Oldcastle Materials has invested $50 million in American Cement Co. LLC, a joint venture with New Jersey-based Trap Rock Industries eyeing a 1.2 million-ton-per-year
Oldcastle Materials has invested $50 million in American Cement Co. LLC, a joint venture with New Jersey-based Trap Rock Industries eyeing a 1.2 million-ton-per-year cement plant. The permitted facility is earmarked for a Sumterville, Fla., site with 150 million tons of limestone reserves. It is located about an hour north of Tampa and Orlando, and has access to those markets via major thoroughfares Interstate 75 and Florida’s Turnpike. Oldcastle Materials will fund the plant construction, which is scheduled for completion in 2008 and, by Concrete Products estimates, will cost upwards of $200 million.
The outlook for Florida construction is excellent, says Oldcastle Inc. CEO Tom Hill. With up to 40 percent of total annual cement consumption in the state currently imported, we believe there is real need for the local production capacity ACC will add.
Oldcastle Materials’ first cement-milling venture, ACC is positioned to supply 11 sister properties from the Florida Panhandle to Miami: three paving stone and four bagging plants under Oldcastle Architectural Products, plus four Oldcastle Precast (drainage, vault) properties.
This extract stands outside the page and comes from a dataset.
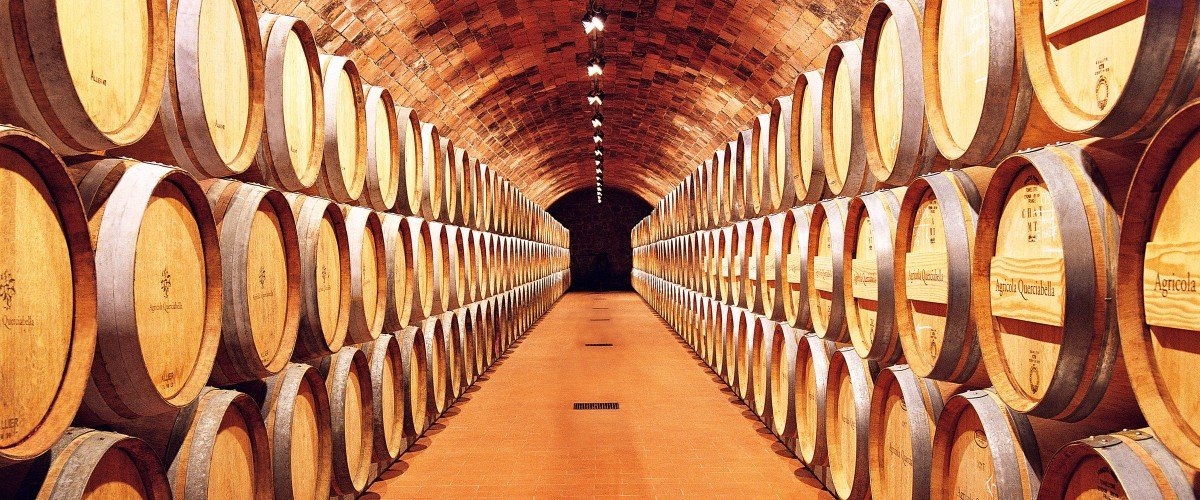 Stacked barrels in Querciabella cellar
Oldcastle Materials’ counterpart operation, CRH Europe Materials, is a major cement player in markets from Ireland to the Urkraine, shipping about 15 million tons per year. Parent company CRH Plc is based in Dublin.
The ACC plant continues a ramp up of cement and cementitious materials production and distribution in Florida. Earlier this year, CRH’s neighbor in the U.K., Hanson Plc, acquired Civil and Marine Holdings Ltd., whose assets included a 700,000-tpy, Port Canaveral slag-grinding mill opened in 2005. The Sunshine State has also seen two other greenfield cement plants fire up in the past three years: Suwannee American in Branford, 850,000 tpy; and, Titan Florida/Pennsuco in Medley, 1.8 million tpy. The latter facility was followed by Titan Florida’s dedication of a 57,000-ton-capacity Port of Tampa terminal.